═════ Dataset content ═════
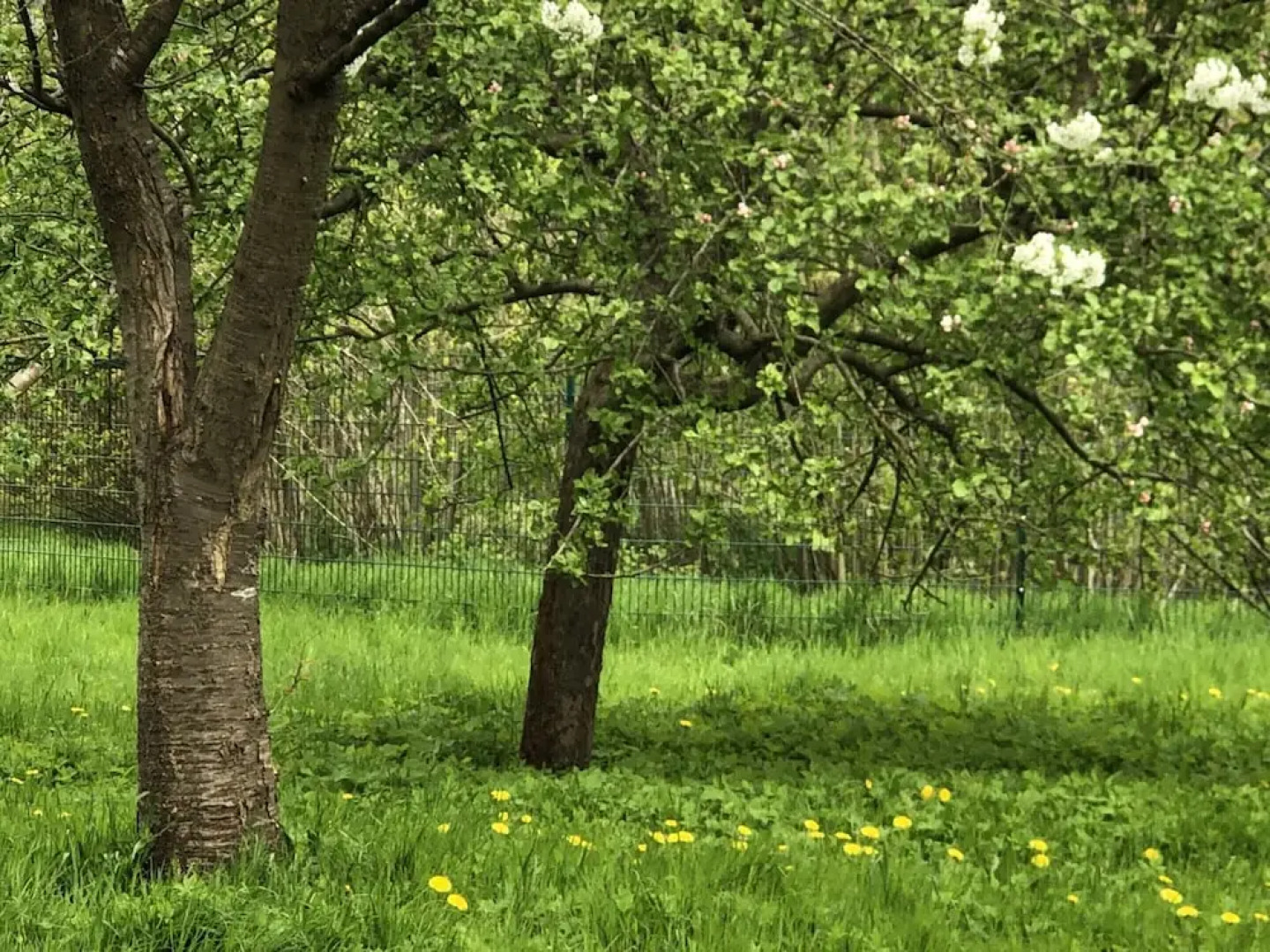 Flat in Eutin on the Kleiner Eutiner See Lake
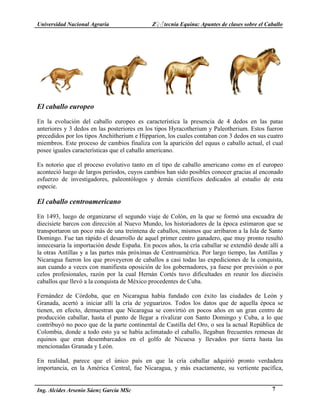 Universidad Nacional Agraria Z♀♂tecnia Equina: Apuntes de clases sobre el Caballo 
El caballo europeo 
En la evolución del caballo europeo es característica la presencia de 4 dedos en las patas 
anteriores y 3 dedos en las posteriores en los tipos Hyracotherium y Paleotherium. Estos fueron 
precedidos por los tipos Anchitherium e Hipparion, los cuales contaban con 3 dedos en sus cuatro 
miembros. Este proceso de cambios finaliza con la aparición del equus o caballo actual, el cual 
posee iguales características que el caballo americano. 
Es notorio que el proceso evolutivo tanto en el tipo de caballo americano como en el europeo 
aconteció luego de largos periodos, cuyos cambios han sido posibles conocer gracias al enconado 
esfuerzo de investigadores, paleontólogos y demás científicos dedicados al estudio de esta 
especie. 
El caballo centroamericano 
En 1493, luego de organizarse el segundo viaje de Colón, en la que se formó una escuadra de 
diecisiete barcos con dirección al Nuevo Mundo, los historiadores de la época estimaron que se 
transportaron un poco más de una treintena de caballos, mismos que arribaron a la Isla de Santo 
Domingo. Fue tan rápido el desarrollo de aquel primer centro ganadero, que muy pronto resultó 
innecesaria la importación desde España. En pocos años, la cría caballar se extendió desde allí a 
la otras Antillas y a las partes más próximas de Centroamérica. Por largo tiempo, las Antillas y 
Nicaragua fueron los que proveyeron de caballos a casi todas las expediciones de la conquista, 
aun cuando a veces con manifiesta oposición de los gobernadores, ya fuese por previsión o por 
celos profesionales, razón por la cual Hernán Cortés tuvo dificultades en reunir los dieciséis 
caballos que llevó a la conquista de México procedentes de Cuba. 
Fernández de Córdoba, que en Nicaragua había fundado con éxito las ciudades de León y 
Granada, acertó a iniciar allí la cría de yeguarizos. Todos los datos que de aquella época se 
tienen, en efecto, demuestran que Nicaragua se convirtió en pocos años en un gran centro de 
producción caballar, hasta el punto de llegar a rivalizar con Santo Domingo y Cuba, a lo que 
contribuyó no poco que de la parte continental de Castilla del Oro, o sea la actual República de 
Colombia, donde a todo esto ya se había aclimatado el caballo, llegaban frecuentes remesas de 
equinos que eran desembarcados en el golfo de Nicuesa y llevados por tierra hasta las 
mencionadas Granada y León. 
En realidad, parece que el único país en que la cría caballar adquirió pronto verdadera 
importancia, en la América Central, fue Nicaragua, y más exactamente, su vertiente pacífica, 
Ing. Alcides Arsenio Sáenz García MSc 7 
 
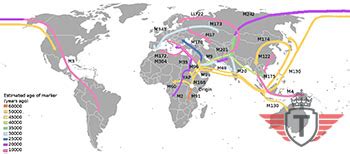 Image result for Human Migration Explained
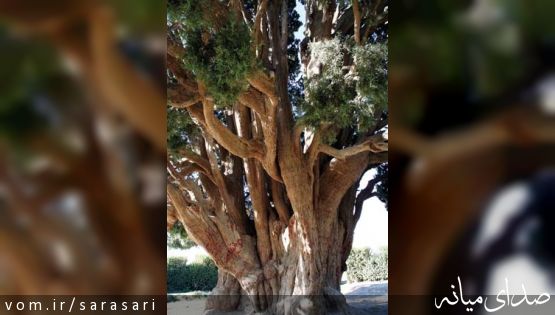 درخت شگفت انگیز ابرکوه که به دست پسر نوح کاشته شد +تصویر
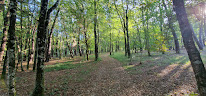 JARDI ATTI'TUDE à Montmoreau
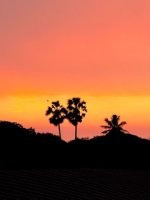 IMG_6117.jpeg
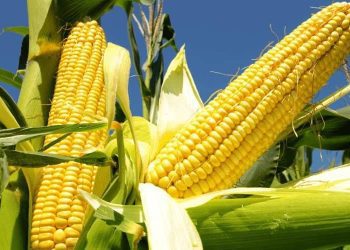 corn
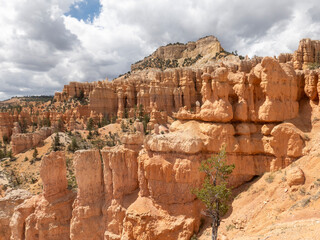 Beeindruckende Felspyramiden im Bryce Canyon Nationalpark, Utah, USA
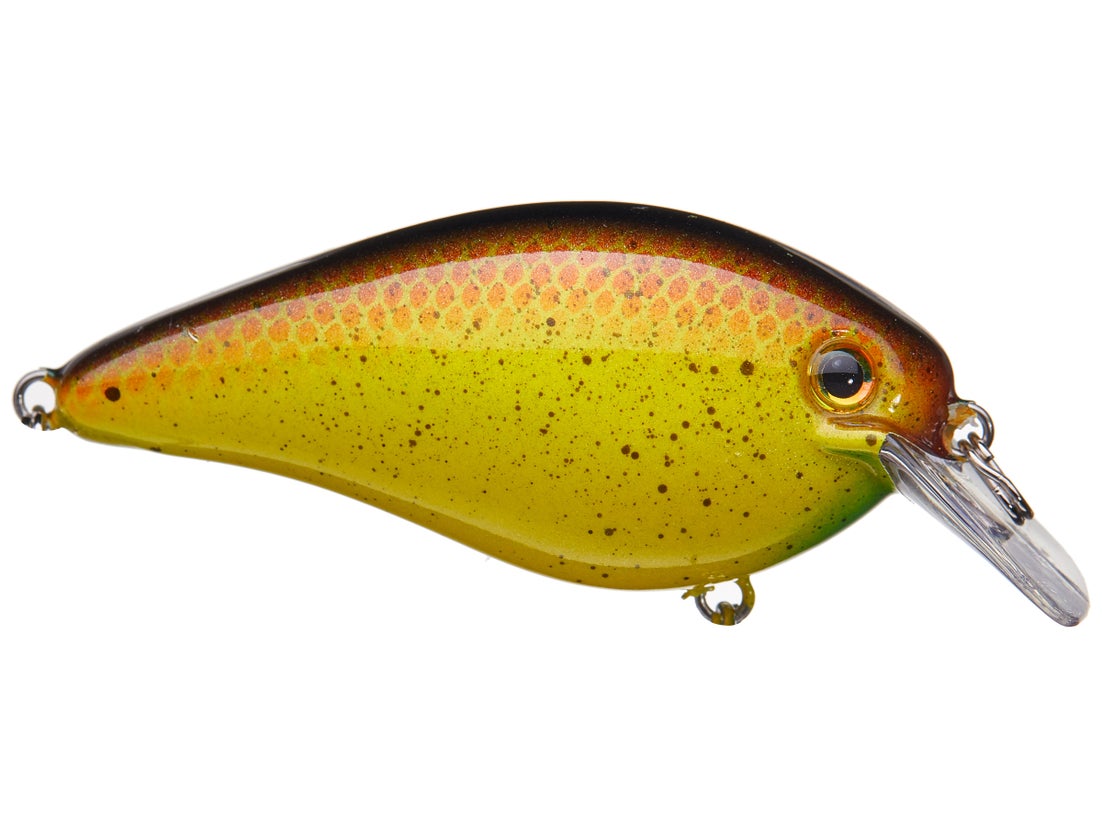 Strike King KVD 1.5 Square Bill Silent Crankbait 21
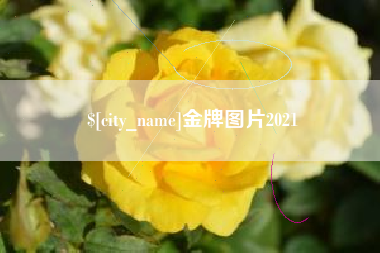 萍乡金牌图片2021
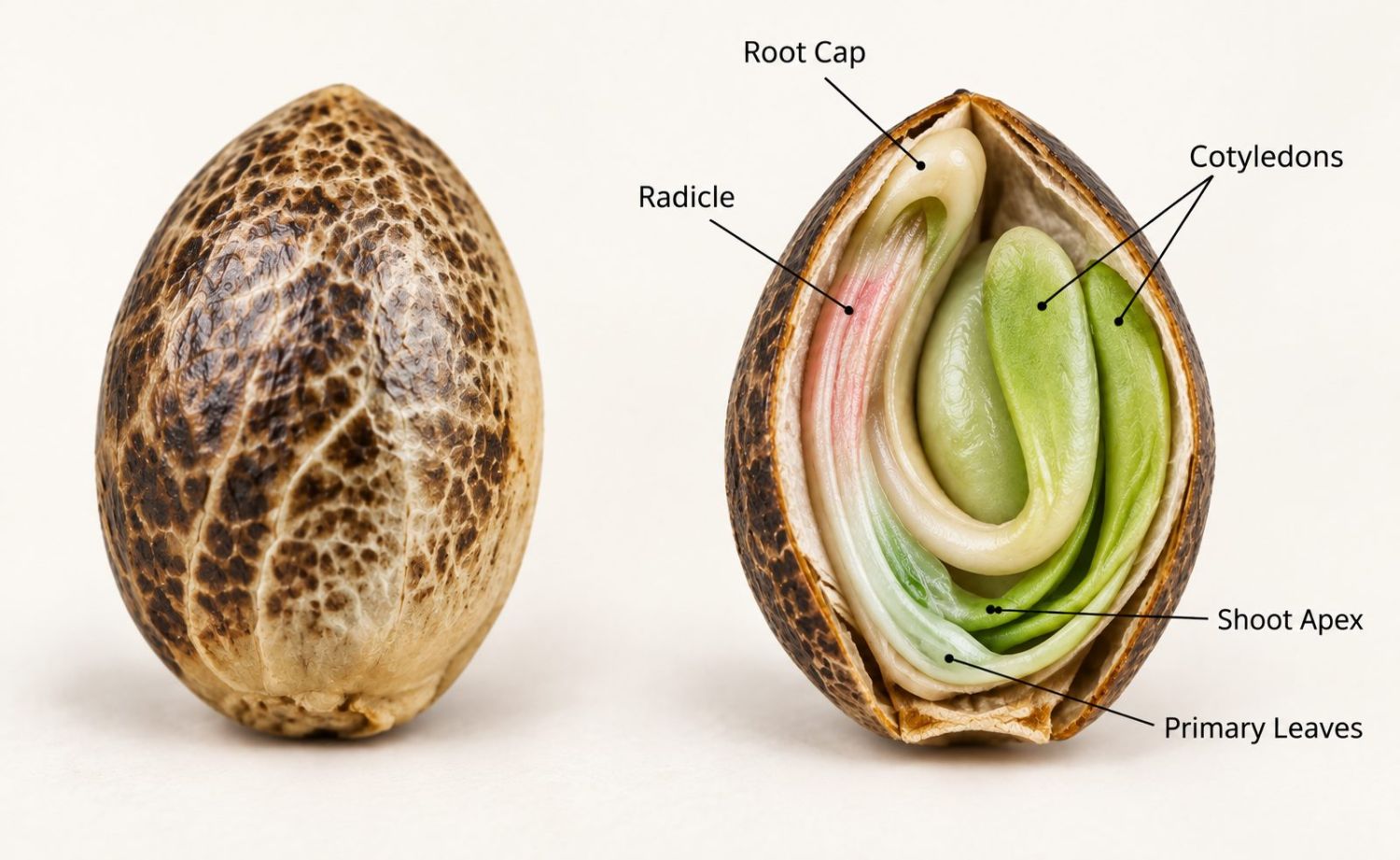 Przewodnik po kiełkowaniu: anatomia nasiona Germination guide: anatomy of a seed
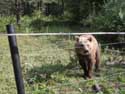 Refuge for Dancing Bears Belitsa / Bulgaria: 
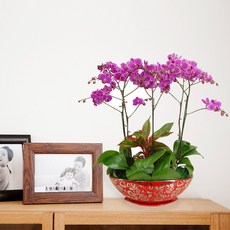 미니호접란MTFF015, 서울특별시／광역시／경기도, 베이직, 필요없음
═════
Using the data above, copy each line that contains "caballos".

transportaron un poco más de una treintena de caballos, mismos que arribaron a la Isla de Santo 
Nicaragua fueron los que proveyeron de caballos a casi todas las expediciones de la conquista, 
caballos que llevó a la conquista de México procedentes de Cuba. 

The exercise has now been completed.